One of the charming cottages available for holiday rental on the Prince's land. Interior shots of a few of the cottages are below:

With all this talk of Prince Charles, you may, like me, still have trouble believing that Charles would give up a wife like this:



To marry a wife like this:


If so, perhaps you are better off siding with the Spencers, Diana's own blood family. The Spencers home base is at Althorp, where Diana once lived. Althorp also has a wonderful web site. Her brother, the Earl of Spencer, currently lives at Althorp and opens it each summer to visitors. You must have a ticket prior to going though, don't expect to show up and visit without one. Diana is buried on an island in the middle of a small lake at Althorp and there is a wonderful exhibit of her childhood, life as the Princess, her wedding dress, and her charity work in the former horse stables. Another book I highly recommend was written by the Earl of Spencer and it chronicles the history of Diana's ancestral home:

The small lake which surrounds the island where Diana is buried at Althorp.

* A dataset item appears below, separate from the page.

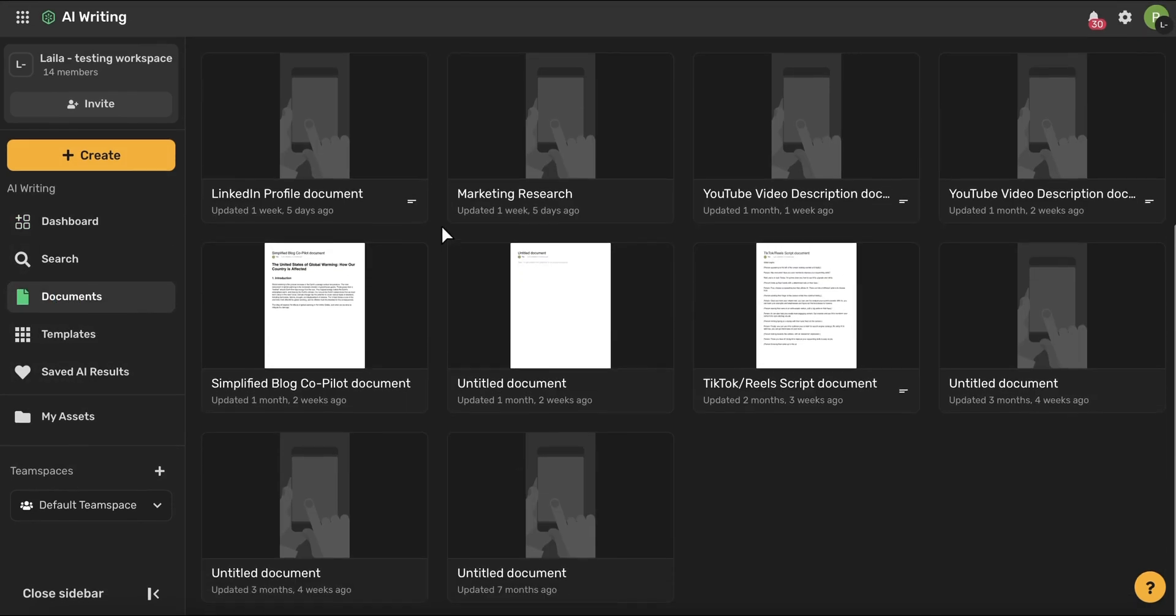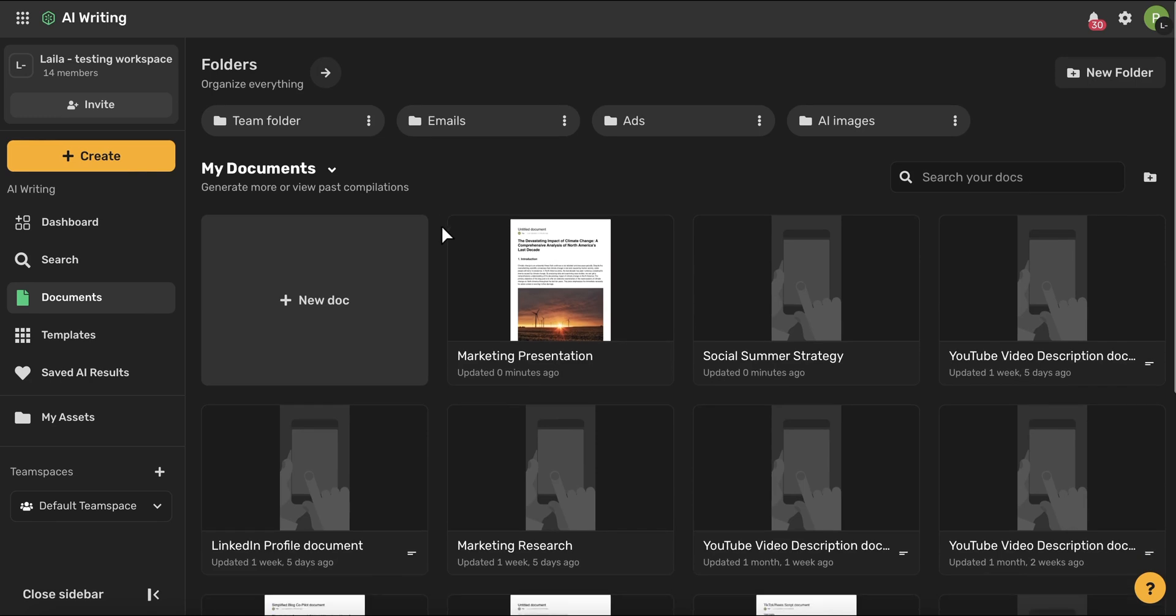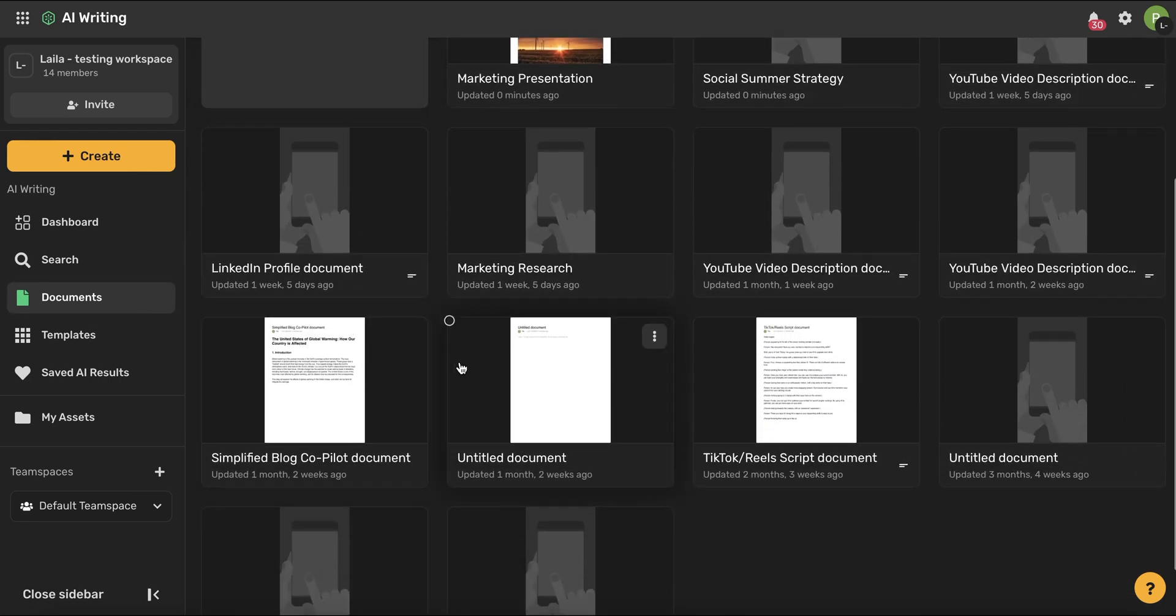Here, you will have all of your different documents saved, and every time you create a new document, you don't even have to save it. It will automatically be saved. Then, when you come to your Documents page, you'll be able to find it here.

The monument at her grave.

Diana's handsome brother, Charles, has cashed in on all the fame as her only brother and heir to the estate of Althorp. He currently sells reproductions of the antiques at Althorp. Theodore Alexander is the company that markets this very expensive line of furniture.



Charles, the Earl of Spencer is ruggedly handsome and single, though it is reported he has a new girlfriend following his second divorce. But, if you want to try to catch his eye and become his new Countess, the Earl will be in Houston at Louis Shanks, of all places, on September 7 from 10 to 12 noon. Good luck!